The dangers inherent in the reconciliation of Emin's unfeigned honesty with the hardcore and sophisticated business of the means of communicating it, is part of the great excitement of her work. It seems that it may be a condition of its success that its momentum continues partly by her willingness to communicate these learnings freely, as discreet teachings. These principally take the form of a generously shared storytelling - of a lived example - instead of a setting of instructions.
Although having a life and art which includes a moral opinion and which is capable of value judgments, her art is not judgemental or self-righteous, but is as modest, or naturally immodest, as appropriate. Although experientially bruised, Emin has not overly defined herself relative to a disputatious relationship with the authors of her misfortune, whether on a gender or any other basis. She does not perpetuate life's sufferings by the over-advertising of even the most legitimate indignations. Her observations of pain seem to be made more from an ethically experienced acceptance, that seeks to identify what is appropriately compassionate, than from a position of litigiously resentful petitionings and revenges.
Any concerns that Emin's raw material, her life's story so far, is exhaustible, and that she is living in an island autopia leading eventually to an auto-cannibalism, are unfounded. Conditional on faith, and faith in art, Tracey Emin's becomes a self-sustainable, mini eco-system of her feelings, whose principal resource is not the finality of the anecdotes of herself, but the infinite outside herself of which she is a part. The spiritual enrichments of her art benefit an endlessly expansive, less local interpretation. As Tracey Emin may, if she wishes, hold infinity in the palms of her hands, and eternity in an hour, then we shall certainly see Tracey Emin in a grain of Margate sand.

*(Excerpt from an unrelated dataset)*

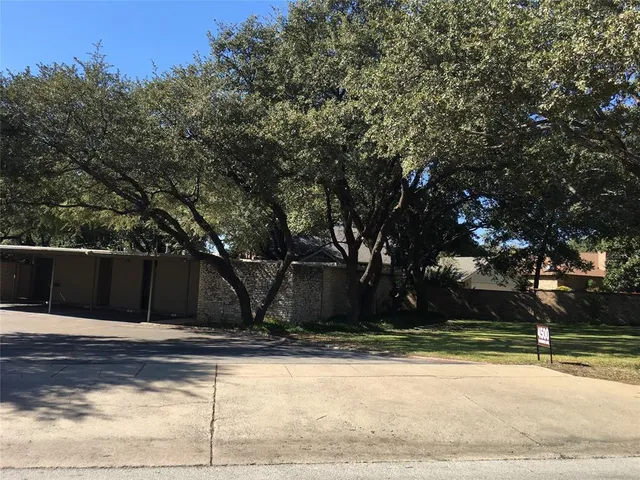 $319,950 | 4500 Westridge Avenue, Unit 18, Fort Worth, TX 76116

Emin's works are powerfully legible, unashamedly narrative mediations. She is an ethical artist whose art is blessedly free of the leprosies and gonorrhoeas of irony, parody, and the other contemporary etceteras... hers is a gently enforced, silly-clever-bastard, sarcasm free zone. Her works are a generous service to her community, which is us. They are the kindly works of a very singular artist, whose art of revelation is intimately convincing and which indicates the enormity beyond concealment.
1 This is a self-description taken from an interview with David Lillington in Metropolis magazine, issue 3, June 1996.